REMIT 2.0 is the revised EU Regulation on wholesale energy market Integrity and transparency, which updates the original 2011 REMIT framework. Key changes include mandatory T+10 transaction reporting by PPATs, expanded coverage of new energy products, tighter rules on algorithmic trading, and enhanced ACER coordination powers. The first reporting deadline under REMIT 2.0 was 12 May 2026.Source: Lowdown European Energy Markets

Background

NRAs (National Regulatory Authorities) are the independent energy regulators in each EU member state, collectively forming ACER's enforcement network across the European Union. Under REMIT (the EU Regulation on wholesale energy market Integrity and transparency) and its updated REMIT 2.0 framework, NRAs are responsible for investigating and sanctioning market abuse in their national jurisdictions, coordinating through ACER where cross-border activity is involved. In 2025, NRAs filed 204 STORs (Suspicious Transaction and Order Reports) across the 27-member network, double the 2024 figure, generating the enforcement dataset that ACER's May 2026 annual report drew on .

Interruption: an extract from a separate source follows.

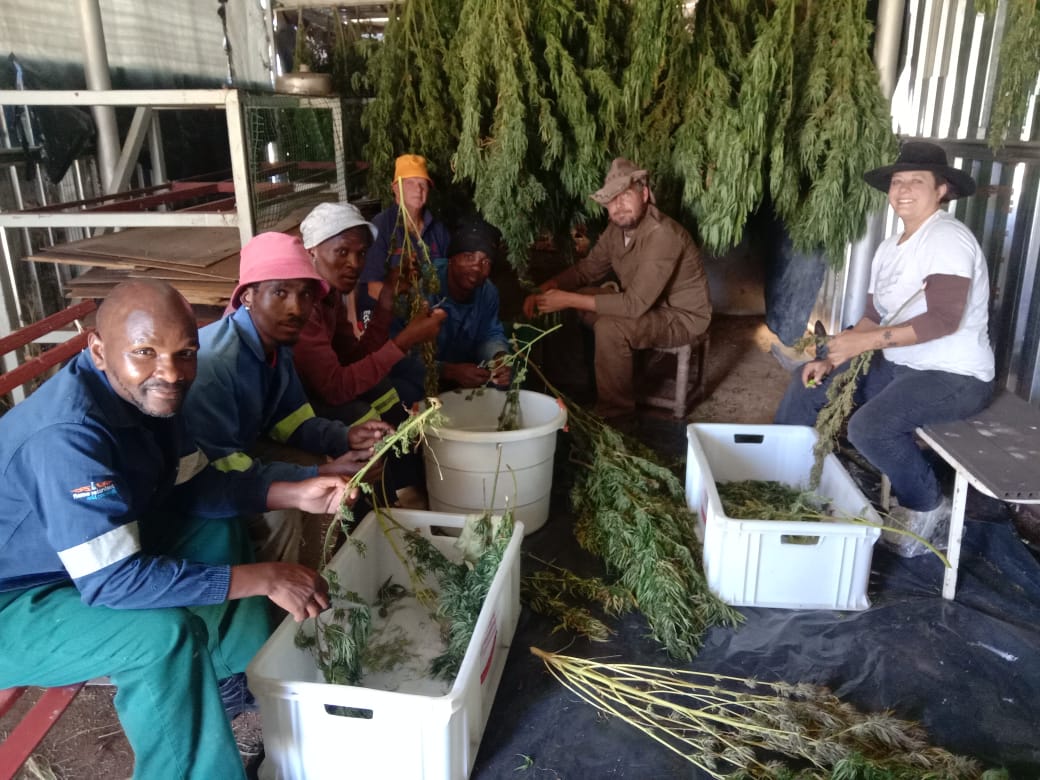 dylan_rosac's tweet photo. Harvest Season Greeting From The RSA-Cannabis Team Busy Trimming One of our First Community Harvest of 1500 Plants , Organic Soil and Sun Growen Cannabis (Strawberry Kush) 🌱💚🤘 #cannabis #cannafam #cannabinoids #rsacannabis #ROSAC #harvest , https://t.co/BXWf7FoYM6 https://t.co/iHlBfoi8sU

NRAs include major regulators such as Bundesnetzagentur (Germany), Ofgem (UK, now no longer an EU NRA post-Brexit), CNMC (Spain), CRE (France), and Autorità di Regolazione per Energia Reti e Ambiente (ARERA, Italy). ACER coordinates the network but does not have direct enforcement powers against individual market participants; that authority rests with each NRA in its jurisdiction. NRA capacity varies significantly: larger member states maintain dedicated REMIT enforcement teams while smaller member states share resource across regulatory functions.

The REMIT 2.0 T+10 reporting deadline of 12 May 2026 will substantially increase the data volume flowing to NRAs from trading intermediaries. ACER's May 2026 enforcement report implicitly acknowledges that NRA capacity is already stretched by the 2025 STOR doubling before the new data arrives. The first REMIT 2.0 enforcement action originating from an NRA will set the domestic and cross-border precedent tariff for the post-T+10 compliance era.